In automatic1111 UI you can alternate between prompts e.g. "Closeup portrait of (elon musk | Jeff bezos | bill gates)". Final image will be a face that look like all three. See this https://i.redd.it/8uq52mnausu91.png

Now do the same with two people but invert the gender. The female version of what I gave example of won't look like anything you know about. And it will remain consistent.

It kind of works.

theCrowing · 3 years ago
You can work with embeddings.
kache_ · 3 years ago
Yeah, look up textual inversion
hnbad · 3 years ago
This is a great example of AI image generation being unable to generate "art" and instead just replicating a naive approximation of what it was trained on. There's no coherence or consistency between the images and while they all look "shiny", they also look incredibly dull and generic.

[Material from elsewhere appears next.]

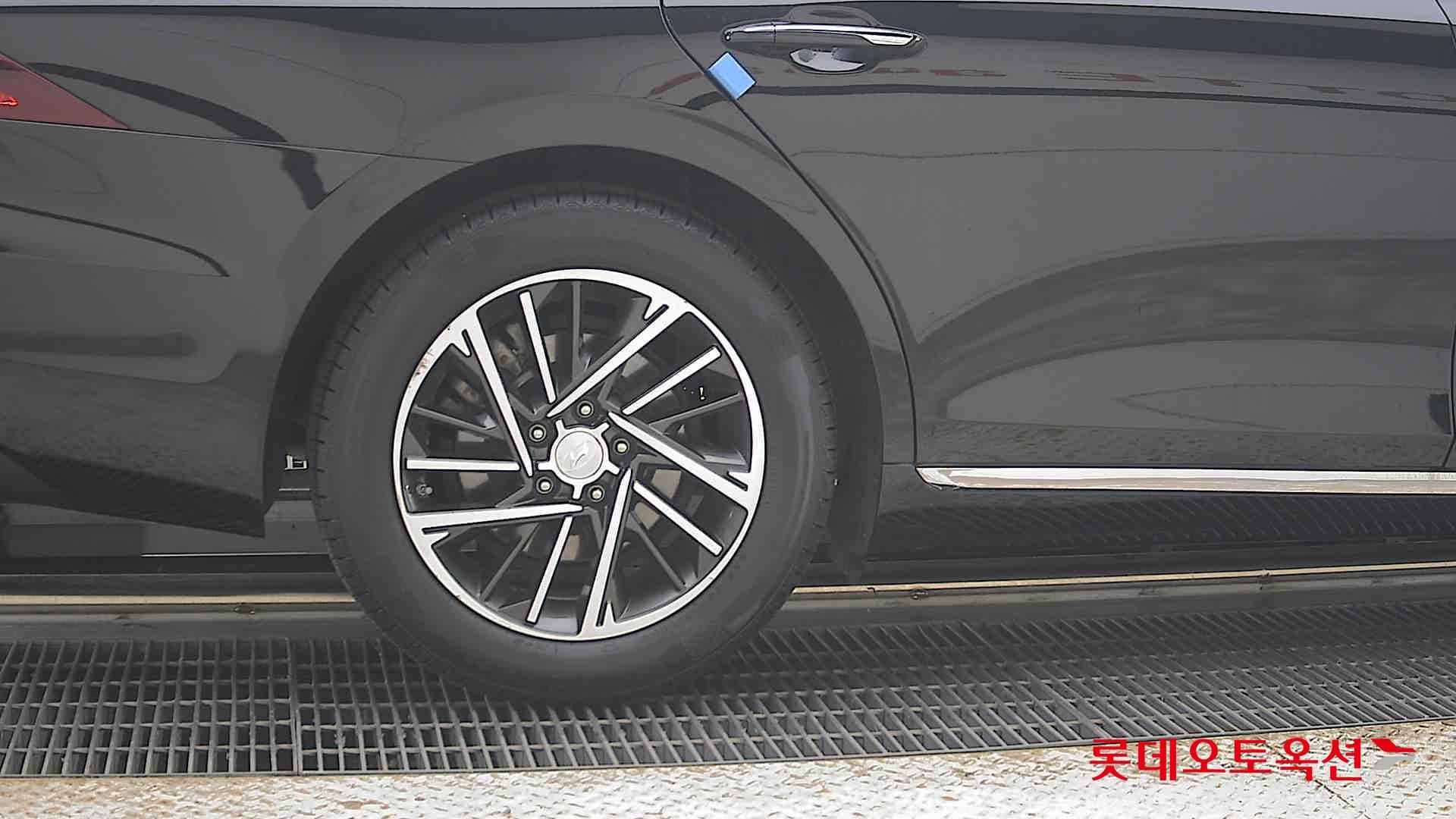 Hyundai - Grandeur | THE NEW (L) 3.0 Modern 24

It's a cool exercise but using this for a real-world project would eliminate any attempt at producing an artistic "voice". AI image generation excels only at generating stock art and placeholder content.

washadjeffmad · 3 years ago
That's more an issue with prompts and training. For as functional is it is, the established models are all very preliminary, and we're in a Cambrian explosion of sorts wrt tooling.

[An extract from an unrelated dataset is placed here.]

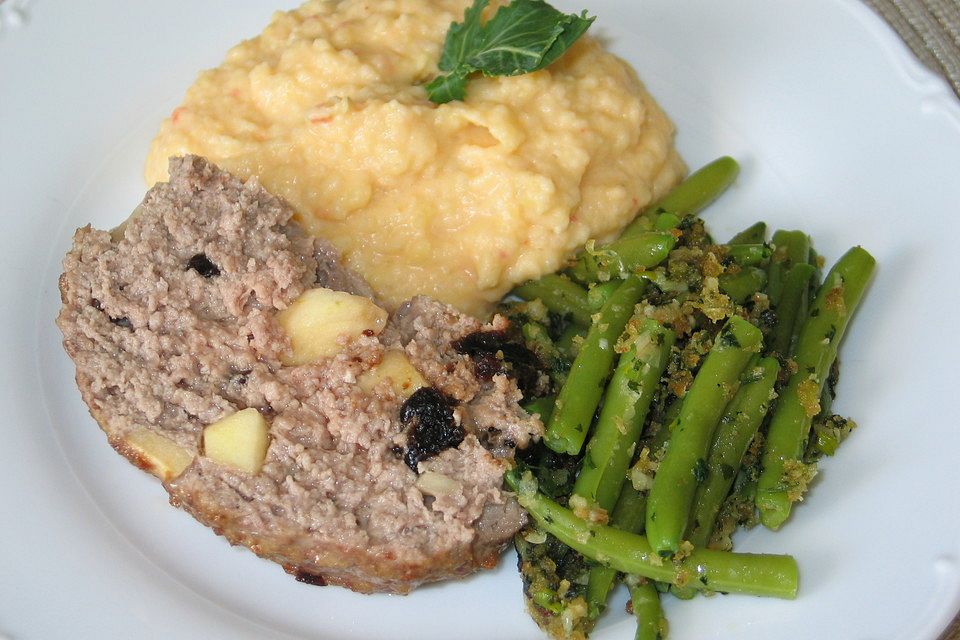 Hackbraten mit Apfel und Backpflaumen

Also, one model doesn't speak for them all. I have the problem that my results are often too consistent with certain models, largely because of prompt complexity, lack of wildcarding, etc.

siraben · 3 years ago
I was trying this recently with the Sierra Christmas Card from 1986![0] The images that I generated were[1], and I was trying to tweak the model parameters with different denoising and CFG scales. When you get the parameters just right you can preserve the composition of the input image very well while still adding a lot of detail. This isn't a completely automatic process though, with Stable Diffusion you have to provide the right prompt otherwise the generation process isn't guided correctly, so approach works better for aesthetics and style transfer than regular image super-resolution such as ESRGAN.

[0] https://archive.org/details/sierra-christmas-card-1986

[1] https://i.imgur.com/WxD05gX.jpeg

Agentlien · 3 years ago
If you're using stable diffusion 2.0 or later you can use its depth-to-image mode[0] to create variations of an image which respect its composition without having to keep your parameters within a narrow range.

[0] https://github.com/Stability-AI/stablediffusion#image-modifi...

siraben · 3 years ago
I still struggle with SD 2.0 prompting because many of the tricks (greg, artstation) don't work anymore, have people had success with it or do I have to use custom models?
LudwigNagasena · 3 years ago
That’s just yet another exercise in prompt engineering. I expected something more interesting.
carrolldunham · 3 years ago
The title excited me - maybe someone succeeded making new art that looks like the old pre-renders, maybe a convincing imitation of the scanline render look. Instead it was a vapid article about tossing pixel art into img-2-img and getting some tenuously related junk.
Jiro · 3 years ago
He didn't even do that. He used text descriptions; the original pixel art wasn't involved.
layer8 · 3 years ago
I guess that explains why the results were only vaguely related to the original pictures.

Dead Comment

vyrotek · 3 years ago
This would be super fun to use with "Return to Zork" clips.
shdon · 3 years ago
Is it just me, or was anybody else reminded of the Carmageddon cover art after seeing the image they ended up using for Dr. Venom?
js8 · 3 years ago
I have a question. Stable diffusion is based on gradually processing noise into a coherent image, by training a denoiser. Would it be possible to feed low-fidelity image (such as pixel art, or pixelated image) directly into the denoiser step and get a higher-fidelity image that would match the original?
mschulkind · 3 years ago
Yes, stable diffusion has an img2img mode that does essentially exactly that.
sigmar · 3 years ago
I think what you are describing is called super-resolution https://ai.googleblog.com/2021/07/high-fidelity-image-genera...
charcircuit · 3 years ago
It's noise in a latest space which is different from noise in the image that the vector represents.